Despite the imminent threat and devastating ocular injuries by exposure to vesicating agents sulfur mustard (SM), nitrogen mustard (NM) and arsenical vesicant, lewisite (LEW), effective therapies in case of a mass casualty remain elusive. This is mainly due to the lack of established animal injury models and inadequate study on the pathogenesis of eye lesions and associated mechanism/s. An additional practical limitation for such studies has also been a lack of availability of vesicating agents and appropriate facilities to use them in experimental settings. Accordingly, the first and foremost goal of this application is to develop a comprehensive strategy related to establishing vesicant agents (NM, SM and LEW)-induced ocular injury models and define the associated mechanisms. Once achieved, this will help us perform efficacy studies with mechanism-driven therapeutic agents; this is the second major goal of this application. Both our goals are supported by preliminary studies in rabbit corneal organ culture showing that NM exposure increases epithelial thickness, apoptotic cell death, epithelial-stromal separation, levels of VEGF, COX-2 and MMP-9; and that approved prescription agents anti-inflammatory drug dexamethasone and antibiotic doxycycline (an MMP inhibitor) as well as a natural agent silibinin significantly reduce NM-induced epithelial thickness, epithelial-stromal separation, and VEGF, COX-2 and MMP-9 levels, albeit at different levels. Overall, based on above rationale and preliminary data, this application is deliverables driven and proposes to test the hypothesis that most of the mechanisms involved in ocular injuries by vesicating agents NM, SM and LEW follow similar pathways, and that , by targeting those pathways, we would be able to develop effective and broad-spectrum therapies against vesicants-induced ocular injuries.

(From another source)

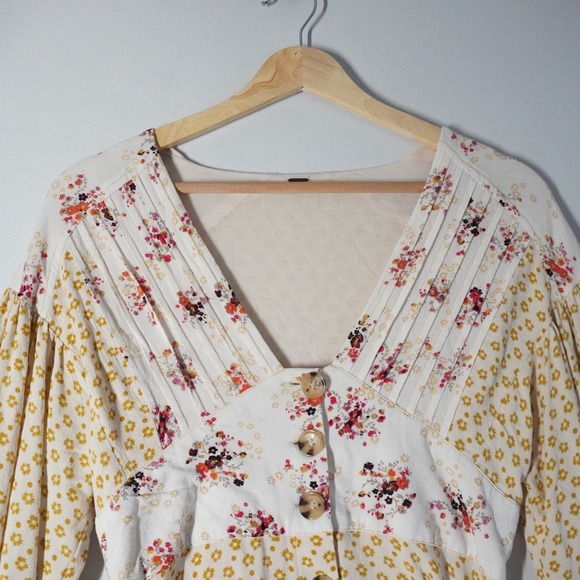 Free People Wonderland Floral Print VNeck Button Mini Dress Yellow Long Sleeve - Picture 2 of 11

Our specific aims are: 1. Fully characterize and establish ocular injury models with vesicating agents. Specifically, we will assess biological alterations and identify associated mechanisms including those related to inflammation, vesication and neovascularization. 2. Evaluate the efficacy of mechanism-targeted agents (alone or in combination) and silibinin (a pleiotropic agent with strong therapeutic efficacy against blistering agents-induced skin injuries) in treating the ocular injuries by NM. 3. Assess and establish the efficacy of the agent/s found effective in treating NM-induced ocular injuries in Aim 2, for the rescue of SM- and LEW-induced ocular injuries in rabbit. We anticipate that the proposed studies will establish useful ocular injury models with vesicants, and add to our understanding of the mechanism/s of action of NM-, SM- and LEW-induced ocular injuries. In addition, these comprehensive study efforts will identify effective broad spectrum mechanism-based agent/s that alone or in combination provide effective therapies against vesicating agents-induced ocular injuries in humans.
Despite the imminent threat of use as warfare and terrorist agents, effective therapies against vesicating chemical agents, sulfur mustard (SM)-, nitrogen mustard (NM)- and lewisite (LEW)-induced devastating ocular injuries, remain elusive. This is mainly due to the lack of established injury models, and inadequate study on the pathogenesis of eye lesions and associated mechanism/s; inappropriate engineering facilities to use these agents in experimental settings are an additional concern. Accordingly, the goals of this application are: a) develop NM-, SM- and LEW-induced ocular injury models, and define the associated mechanisms, and b) perform efficacy studies with mechanism-driven therapeutic agents. Our goals are supported by preliminary studies in rabbit corneal organ culture showing that NM-causes an increase in the inflammatory, vesication, and angiogenic responses, which are significantly reduced by the treatment with approved anti-inflammatory and antibiotic drugs as well as a natural flavanone, silibinin. Overall, the present application will test the hypothesi that most of the mechanisms involved in ocular injuries by vesicating agents follow similar pathways, and that, by targeting those pathways, we would be able to develop effective and broad-spectrum therapies against vesicants-induced ocular injuries. We anticipate that the study outcomes here will add to our understanding of the mechanism/s of action of NM-, SM- and LEW-induced ocular injuries, and identify effective mechanism-based broad-spectrum agent/s that, alone or in combination, provide safe and effective therapies against vesicating agents-induced ocular injuries in humans.